DATA TO PROCESS:
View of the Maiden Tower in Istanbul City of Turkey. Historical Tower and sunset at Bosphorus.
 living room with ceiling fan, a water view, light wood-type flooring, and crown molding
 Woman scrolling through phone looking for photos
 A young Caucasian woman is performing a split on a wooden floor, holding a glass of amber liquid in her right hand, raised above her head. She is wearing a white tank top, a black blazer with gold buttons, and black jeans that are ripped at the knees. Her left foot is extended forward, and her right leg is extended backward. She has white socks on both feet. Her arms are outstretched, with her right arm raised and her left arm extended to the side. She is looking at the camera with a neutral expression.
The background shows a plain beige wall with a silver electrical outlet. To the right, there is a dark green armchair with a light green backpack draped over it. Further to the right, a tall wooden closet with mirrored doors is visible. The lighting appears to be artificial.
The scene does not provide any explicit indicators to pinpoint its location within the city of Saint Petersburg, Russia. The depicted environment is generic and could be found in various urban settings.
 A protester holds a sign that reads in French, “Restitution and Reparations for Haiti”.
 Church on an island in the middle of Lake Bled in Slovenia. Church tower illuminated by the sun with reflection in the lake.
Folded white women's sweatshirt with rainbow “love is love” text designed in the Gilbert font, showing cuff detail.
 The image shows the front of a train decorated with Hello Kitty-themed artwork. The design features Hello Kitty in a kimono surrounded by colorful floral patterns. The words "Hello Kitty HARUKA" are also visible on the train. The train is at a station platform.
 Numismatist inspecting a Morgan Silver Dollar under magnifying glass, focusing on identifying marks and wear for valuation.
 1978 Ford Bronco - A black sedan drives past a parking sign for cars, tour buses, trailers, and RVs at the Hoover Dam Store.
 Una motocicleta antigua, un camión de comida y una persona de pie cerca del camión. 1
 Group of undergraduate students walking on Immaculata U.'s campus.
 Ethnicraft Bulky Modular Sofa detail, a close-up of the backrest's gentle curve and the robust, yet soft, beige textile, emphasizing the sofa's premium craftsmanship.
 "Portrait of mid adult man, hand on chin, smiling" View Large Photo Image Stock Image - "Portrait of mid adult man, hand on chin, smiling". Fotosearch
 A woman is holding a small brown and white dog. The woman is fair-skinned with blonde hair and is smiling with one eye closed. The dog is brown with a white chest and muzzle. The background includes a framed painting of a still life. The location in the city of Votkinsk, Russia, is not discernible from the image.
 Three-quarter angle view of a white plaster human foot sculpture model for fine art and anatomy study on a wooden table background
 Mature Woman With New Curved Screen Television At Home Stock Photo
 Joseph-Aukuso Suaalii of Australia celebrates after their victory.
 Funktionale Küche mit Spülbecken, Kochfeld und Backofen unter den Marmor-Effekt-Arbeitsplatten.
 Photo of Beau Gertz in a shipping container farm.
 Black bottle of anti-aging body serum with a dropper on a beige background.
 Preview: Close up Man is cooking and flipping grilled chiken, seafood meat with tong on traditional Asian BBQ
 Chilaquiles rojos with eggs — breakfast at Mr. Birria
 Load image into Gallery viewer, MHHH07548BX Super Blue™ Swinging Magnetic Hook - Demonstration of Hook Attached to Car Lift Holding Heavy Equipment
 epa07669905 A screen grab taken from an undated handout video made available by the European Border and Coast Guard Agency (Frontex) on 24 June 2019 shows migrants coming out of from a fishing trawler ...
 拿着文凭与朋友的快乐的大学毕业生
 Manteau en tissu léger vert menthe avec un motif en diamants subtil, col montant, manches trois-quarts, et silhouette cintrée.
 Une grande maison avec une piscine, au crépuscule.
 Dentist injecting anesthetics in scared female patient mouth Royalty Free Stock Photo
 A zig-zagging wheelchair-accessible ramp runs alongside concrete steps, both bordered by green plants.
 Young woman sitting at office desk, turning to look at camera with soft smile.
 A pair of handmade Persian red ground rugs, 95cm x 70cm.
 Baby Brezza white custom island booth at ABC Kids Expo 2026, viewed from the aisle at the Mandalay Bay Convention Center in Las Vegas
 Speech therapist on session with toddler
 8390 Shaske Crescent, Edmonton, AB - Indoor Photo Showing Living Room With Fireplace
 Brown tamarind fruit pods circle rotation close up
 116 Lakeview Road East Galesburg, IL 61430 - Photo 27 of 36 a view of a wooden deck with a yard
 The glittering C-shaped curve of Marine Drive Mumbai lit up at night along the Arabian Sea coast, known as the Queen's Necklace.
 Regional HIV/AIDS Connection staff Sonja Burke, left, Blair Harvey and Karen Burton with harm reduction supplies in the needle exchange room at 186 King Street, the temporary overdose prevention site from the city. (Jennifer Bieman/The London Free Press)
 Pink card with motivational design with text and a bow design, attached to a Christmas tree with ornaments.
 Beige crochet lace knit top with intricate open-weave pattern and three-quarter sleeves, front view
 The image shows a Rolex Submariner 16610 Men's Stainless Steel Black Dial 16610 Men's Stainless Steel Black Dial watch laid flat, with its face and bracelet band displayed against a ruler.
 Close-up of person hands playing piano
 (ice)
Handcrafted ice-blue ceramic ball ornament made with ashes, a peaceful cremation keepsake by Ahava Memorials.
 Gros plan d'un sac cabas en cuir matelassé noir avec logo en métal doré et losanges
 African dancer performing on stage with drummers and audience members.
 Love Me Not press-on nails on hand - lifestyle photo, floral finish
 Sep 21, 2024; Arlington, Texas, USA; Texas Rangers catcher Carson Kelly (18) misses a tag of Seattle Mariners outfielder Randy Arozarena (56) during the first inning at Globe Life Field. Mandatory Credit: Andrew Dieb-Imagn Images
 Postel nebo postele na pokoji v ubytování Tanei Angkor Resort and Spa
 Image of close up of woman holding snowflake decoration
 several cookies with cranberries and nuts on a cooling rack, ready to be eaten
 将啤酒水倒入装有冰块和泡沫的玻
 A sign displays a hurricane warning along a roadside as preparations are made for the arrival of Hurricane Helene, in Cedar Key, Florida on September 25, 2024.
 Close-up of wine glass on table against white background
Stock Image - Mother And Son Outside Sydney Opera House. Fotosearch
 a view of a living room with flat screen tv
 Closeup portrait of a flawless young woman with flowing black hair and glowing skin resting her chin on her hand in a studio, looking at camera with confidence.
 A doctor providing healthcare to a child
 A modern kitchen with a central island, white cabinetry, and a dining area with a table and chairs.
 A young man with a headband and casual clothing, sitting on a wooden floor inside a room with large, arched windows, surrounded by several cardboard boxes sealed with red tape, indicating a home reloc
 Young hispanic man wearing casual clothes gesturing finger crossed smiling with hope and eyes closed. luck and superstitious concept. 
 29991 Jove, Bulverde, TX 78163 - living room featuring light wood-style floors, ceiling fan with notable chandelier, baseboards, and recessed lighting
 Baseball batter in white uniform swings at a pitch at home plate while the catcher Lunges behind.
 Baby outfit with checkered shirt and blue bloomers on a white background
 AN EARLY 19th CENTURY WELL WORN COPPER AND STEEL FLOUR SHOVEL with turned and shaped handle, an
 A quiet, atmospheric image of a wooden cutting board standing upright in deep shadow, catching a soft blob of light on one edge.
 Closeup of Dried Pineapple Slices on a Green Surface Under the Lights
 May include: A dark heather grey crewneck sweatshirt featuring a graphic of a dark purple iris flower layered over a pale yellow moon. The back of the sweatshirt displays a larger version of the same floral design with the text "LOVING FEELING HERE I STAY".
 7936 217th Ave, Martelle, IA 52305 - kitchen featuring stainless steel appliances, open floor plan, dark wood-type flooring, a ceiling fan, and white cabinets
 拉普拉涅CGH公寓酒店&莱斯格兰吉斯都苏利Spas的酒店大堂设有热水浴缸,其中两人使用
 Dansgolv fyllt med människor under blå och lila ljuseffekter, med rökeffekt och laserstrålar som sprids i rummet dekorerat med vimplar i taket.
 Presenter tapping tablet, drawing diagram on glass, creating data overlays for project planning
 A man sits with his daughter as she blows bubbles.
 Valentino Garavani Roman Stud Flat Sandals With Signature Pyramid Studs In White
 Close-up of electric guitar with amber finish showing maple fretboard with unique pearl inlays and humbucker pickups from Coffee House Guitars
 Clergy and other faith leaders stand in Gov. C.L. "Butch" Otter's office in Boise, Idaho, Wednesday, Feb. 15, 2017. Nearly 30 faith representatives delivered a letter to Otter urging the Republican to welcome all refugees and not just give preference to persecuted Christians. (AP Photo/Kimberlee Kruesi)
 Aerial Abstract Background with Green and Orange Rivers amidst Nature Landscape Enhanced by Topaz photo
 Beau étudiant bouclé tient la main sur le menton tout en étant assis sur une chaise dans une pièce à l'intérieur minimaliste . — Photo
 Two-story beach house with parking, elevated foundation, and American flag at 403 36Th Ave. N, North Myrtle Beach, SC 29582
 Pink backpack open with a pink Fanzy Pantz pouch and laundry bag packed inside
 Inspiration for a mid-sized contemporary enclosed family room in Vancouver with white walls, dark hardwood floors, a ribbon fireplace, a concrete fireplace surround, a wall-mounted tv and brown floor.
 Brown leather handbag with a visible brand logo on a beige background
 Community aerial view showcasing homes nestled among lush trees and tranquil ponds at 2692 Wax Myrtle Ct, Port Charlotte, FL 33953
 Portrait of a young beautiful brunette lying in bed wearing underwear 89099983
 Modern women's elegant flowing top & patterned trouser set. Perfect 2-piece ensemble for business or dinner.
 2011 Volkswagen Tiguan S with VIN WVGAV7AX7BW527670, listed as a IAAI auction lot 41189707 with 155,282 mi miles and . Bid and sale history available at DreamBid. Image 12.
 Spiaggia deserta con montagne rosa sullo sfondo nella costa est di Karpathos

AIM OF THE EXERCISE:
Output the lines above between the one holding "Numismatist inspecting a" and the one holding "1978 Ford Bronco", inclusive, with nothing before or after them.

EXERCISE RESPONSE:
 Numismatist inspecting a Morgan Silver Dollar under magnifying glass, focusing on identifying marks and wear for valuation.
 1978 Ford Bronco - A black sedan drives past a parking sign for cars, tour buses, trailers, and RVs at the Hoover Dam Store.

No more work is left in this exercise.